1

I have a file, that contains JSON string. Long string. Approx 700k symbols.

I'm trying to deserialize it.

But it contains symbols like \r and \n that should be replaces with comma ,.

I've tried to do it with Regex, but it stuck on it without error.

private static readonly Regex Pattern = new Regex("(\r\n|\r|\n)", RegexOptions.Compiled | RegexOptions.IgnoreCase);

Pattern.Replace(dataString, ",");

Also tried to convert string into StringBuilder and use simple .Replace

private readonly IDictionary<string, string> replacements = new Dictionary<string, string> { { "\r\n", "," }, { "\r", "," }, { "\n", "," } };

foreach (var replacement in this.replacements)
{
     dataStringBuilder.Replace(replacement.Key, replacement.Value);
}

The second case was better but till the time when the file becomes larger. So now I receive stuck for both cases.

Are there any other recommended faster solutions?

demo
  • 6,038
  • 19
  • 75
  • 149

1 Answers1

2

You could use a naïve approach of manually copying the string, converting line breaks yourself. This enables you to iterate the underlying character array only once, and avoids costly reallocations of string/StringBuilder objects:

char[] converted = new char[input.Length];
int pos = 0;
bool lastWasCr = false;
foreach(char c in input)
{
    if(c == '\r')
    {
        converted[pos++] = ',';
        lastWasCr = true;
    }
    else
    {
        if(c == '\n')
        {
            if(!lastWasCr)
                converted[pos++] = ',';
        }
        else
            converted[pos++] = c;
        lastWasCr = false;
    }
}
string output = new string(converted, 0, pos);

This loop iterates over every character, and detects and replaces line breaks. Note that we have to keep track of recent carriage returns (\r), to avoid double , on Windows line breaks (\r\n).

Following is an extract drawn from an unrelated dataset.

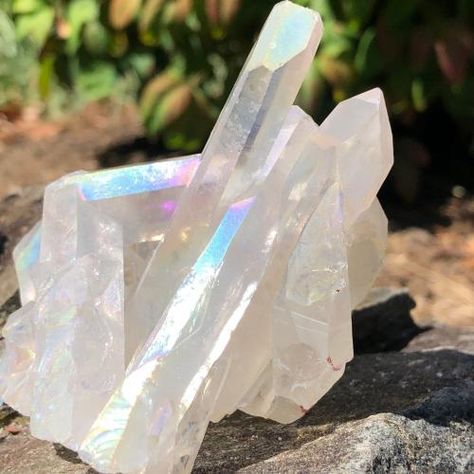 Angel Aura Quartz Meaning and Spiritual Properties Angel Aura Quartz Meaning, Aura Quartz Meaning, Angel Communication, Crystals Meanings, Quartz Meaning, White Aura, Healing Crystals Meanings, Aura Quartz Cluster, Crystal Aesthetic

I compared your two approaches with the code above, using a random 650kb text file, and performing 1000 iterations of each implementation.

Results:

  • Regex.Replace: 62.3233sec (this does not even include initialization like compiling the regex)
  • StringBuilder.Replace: 7.0622sec (fixed version as indicated in a comment to your question)
  • Char-wise loop with if statement: 2.3862sec
janw
  • 8,758
  • 11
  • 40
  • 62